Today's D Brief: Tragedy and uncertainty in Mariupol; Belarus says invasion is dragging; Bargaining in Taipei; Caution in Berlin; And a bit more.

Select civilian evacuations from the besieged Ukrainian steel plant in Mariupol picked up again on Wednesday. The first civilians were allowed out on Sunday. But today Ukrainian President Volodymir Zelenskyy is calling for a much wider ceasefire in the vicinity of Mariupol in order to literally dig the survivors—including children—out of the Azovstal factory. 

“It will take time simply to lift people out of those basements, out of those underground shelters,” Zelenskyy said in a statement early Thursday. “In the present conditions, we cannot use heavy equipment to clear the rubble away. It all has to be done by hand,” he added.
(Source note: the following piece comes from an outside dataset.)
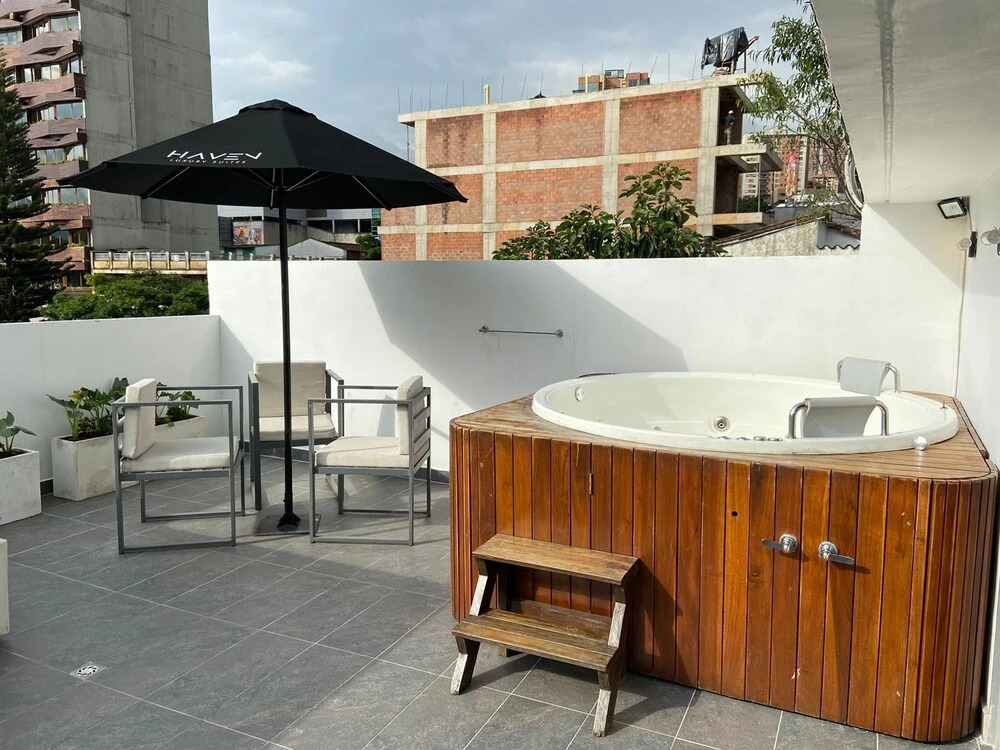 Photo - Viktory Boutique Hotel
Russian troops had allegedly attempted to storm the factory Wednesday, but they were “kicked out by our defenders,” one of Zelenskyy’s advisors, Oleksiy Arestovych, said on Ukrainian television. The Associated Press reported Thursday that “heavy fighting” is ongoing around the plant. 

The U.S. State Department is skeptical that any Russian ceasefire will endure around Mariupol. Spokesman Ned Price told reporters Wednesday, “What we have consistently seen, and we’ve seen this even in recent days, is the tendency on the part of the Russian Federation to embrace a so‑called humanitarian pause to cloak itself in the guise of an actor that has humanitarian concerns only to quickly and promptly resume shelling and violence, including against civilians who are trapped in besieged areas, including in Mariupol.”

“There are still hundreds of people who are trapped in the steel plant,” Price said Wednesday. “There are still thousands of people who are in the besieged city of Mariupol who have been once again subject to shelling, to violence. People need to be let out. Humanitarian aid needs to be let in. That dynamic needs to last. That’s what we care about.”

Update: Russia’s March 16 strike on the Mariupol theater “was in fact far deadlier than estimated, killing closer to 600 people inside and outside the building,” according to an investigation by AP, published Wednesday. “The AP investigation recreated what happened inside the theater on that day from the accounts of 23 survivors, rescuers, and people intimately familiar with its new life as a bomb shelter. The AP also drew on two sets of floor plans of the theater, photos and video taken inside before, during, and after that day, and feedback from experts who reviewed the methodology.” Read on, here.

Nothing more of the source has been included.